What you should do >>
Every entry below should be written out exactly, and no image should appear.

"""

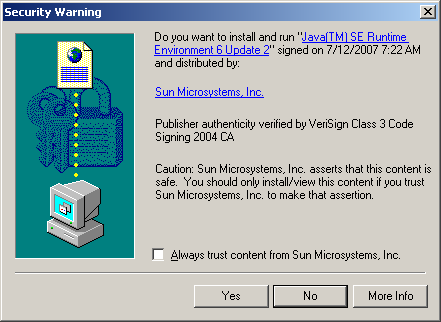 example of Java install dialog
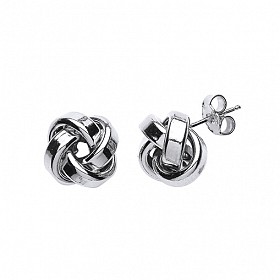 925 Sterling Silver Rhodium Plated Flat Knot Stud Earrings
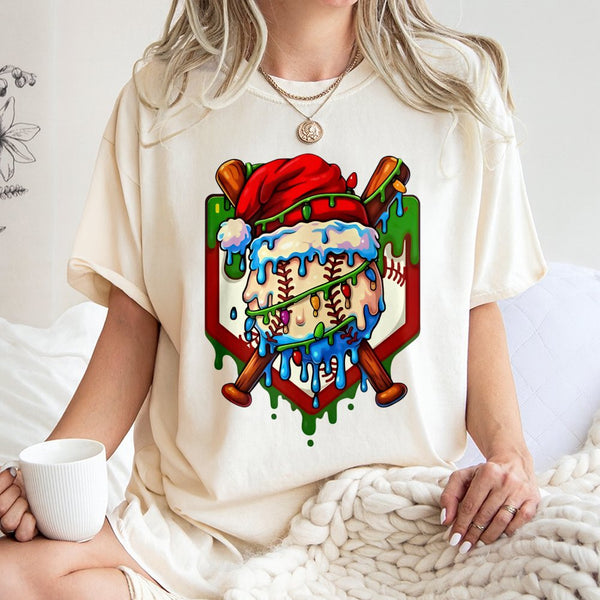 Santa Hat Drip Sports Graphic Tee, Christmas Baseball T-Shirt, Holiday Baseball Bats Shirt, Festive Athletic Crew Tee, Baseba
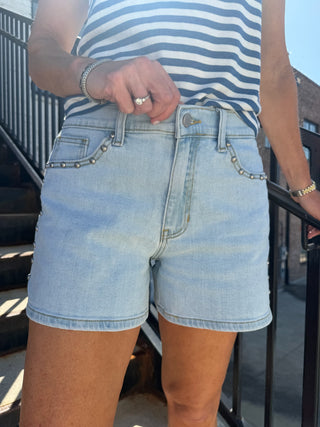 The Kacey Studded Denim Shorts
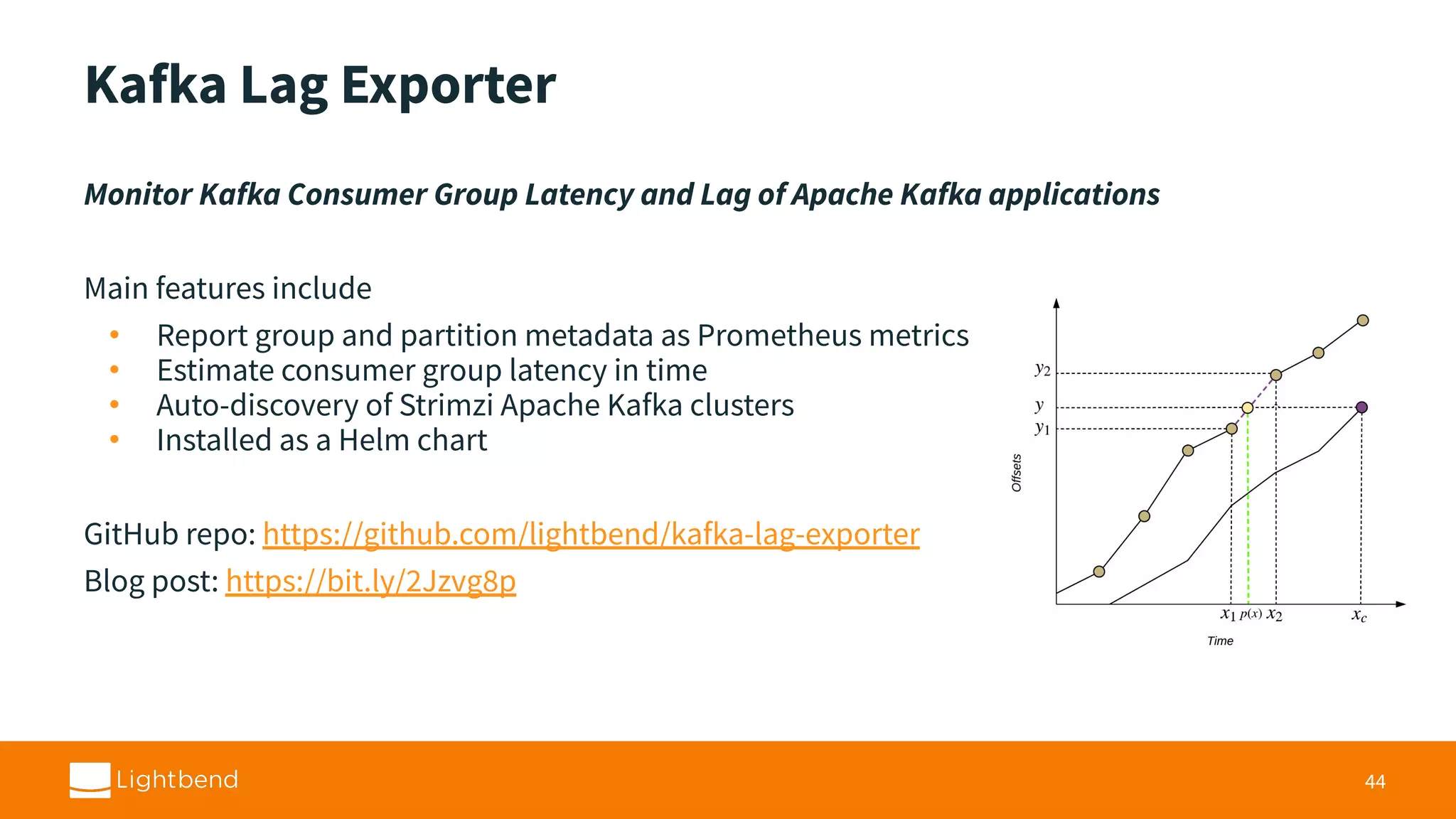 Kafka Lag Exporter Monitor Kafka Consumer Group Latency and Lag of Apache Kafka applications Main features include • Report group and partition metadata as Prometheus metrics • Estimate consumer group latency in time • Auto-discovery of Strimzi Apache Kafka clusters • Installed as a Helm chart GitHub repo: https://github.com/lightbend/kafka-lag-exporter Blog post: https://bit.ly/2Jzvg8p 44 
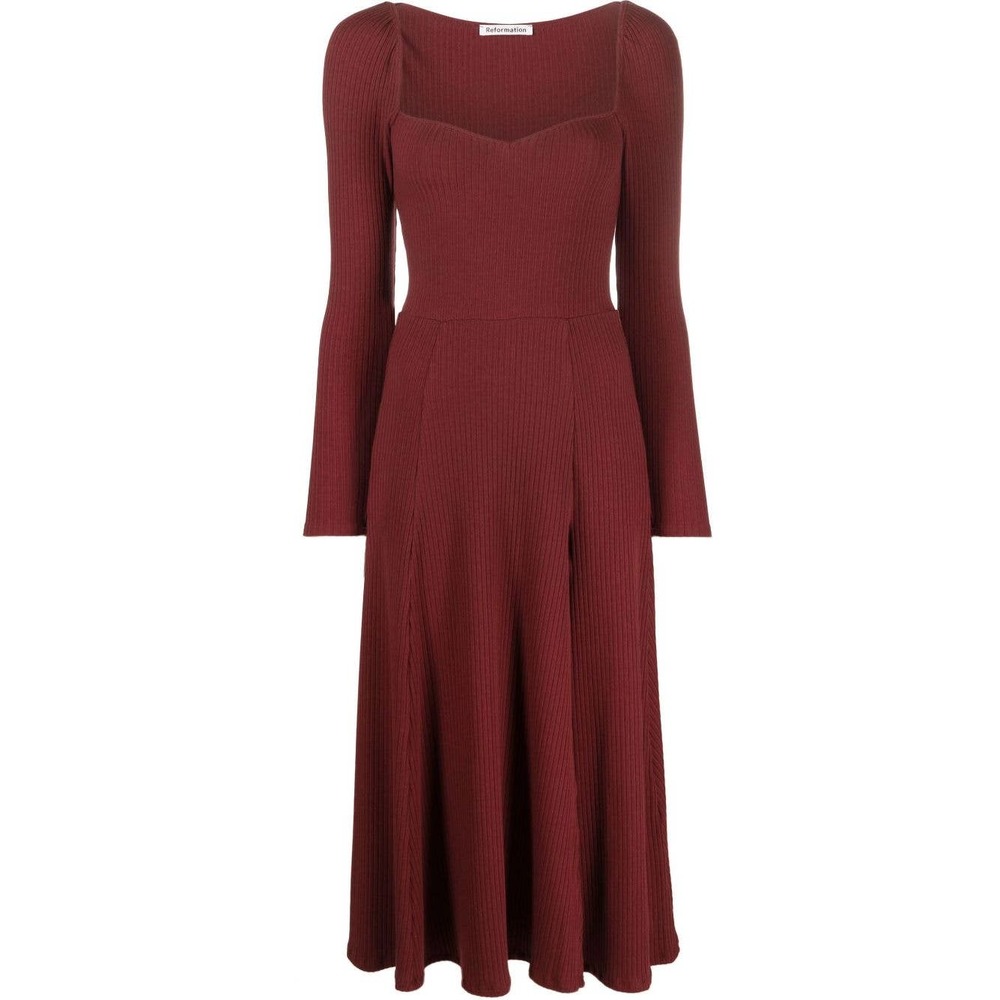 REFORMATION RED BANKS RIBBED KNIT MAXI DRESS NWT SIZE XS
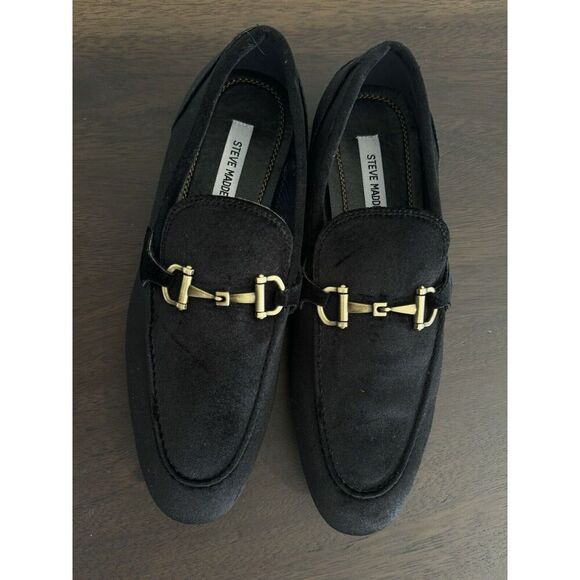 Madly Steven Steve Madden Men’s Size 10.5 Loafer Velvet Black Shoes Wedding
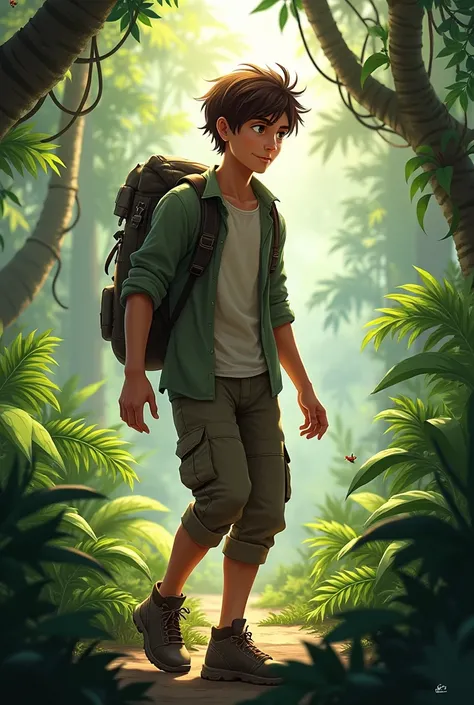 Create a teenager boy image in jungle realistic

"""

Response to this task >>
 example of Java install dialog
 925 Sterling Silver Rhodium Plated Flat Knot Stud Earrings
 Santa Hat Drip Sports Graphic Tee, Christmas Baseball T-Shirt, Holiday Baseball Bats Shirt, Festive Athletic Crew Tee, Baseba
 The Kacey Studded Denim Shorts
 Kafka Lag Exporter Monitor Kafka Consumer Group Latency and Lag of Apache Kafka applications Main features include • Report group and partition metadata as Prometheus metrics • Estimate consumer group latency in time • Auto-discovery of Strimzi Apache Kafka clusters • Installed as a Helm chart GitHub repo: https://github.com/lightbend/kafka-lag-exporter Blog post: https://bit.ly/2Jzvg8p 44 
 REFORMATION RED BANKS RIBBED KNIT MAXI DRESS NWT SIZE XS
 Madly Steven Steve Madden Men’s Size 10.5 Loafer Velvet Black Shoes Wedding
 Create a teenager boy image in jungle realistic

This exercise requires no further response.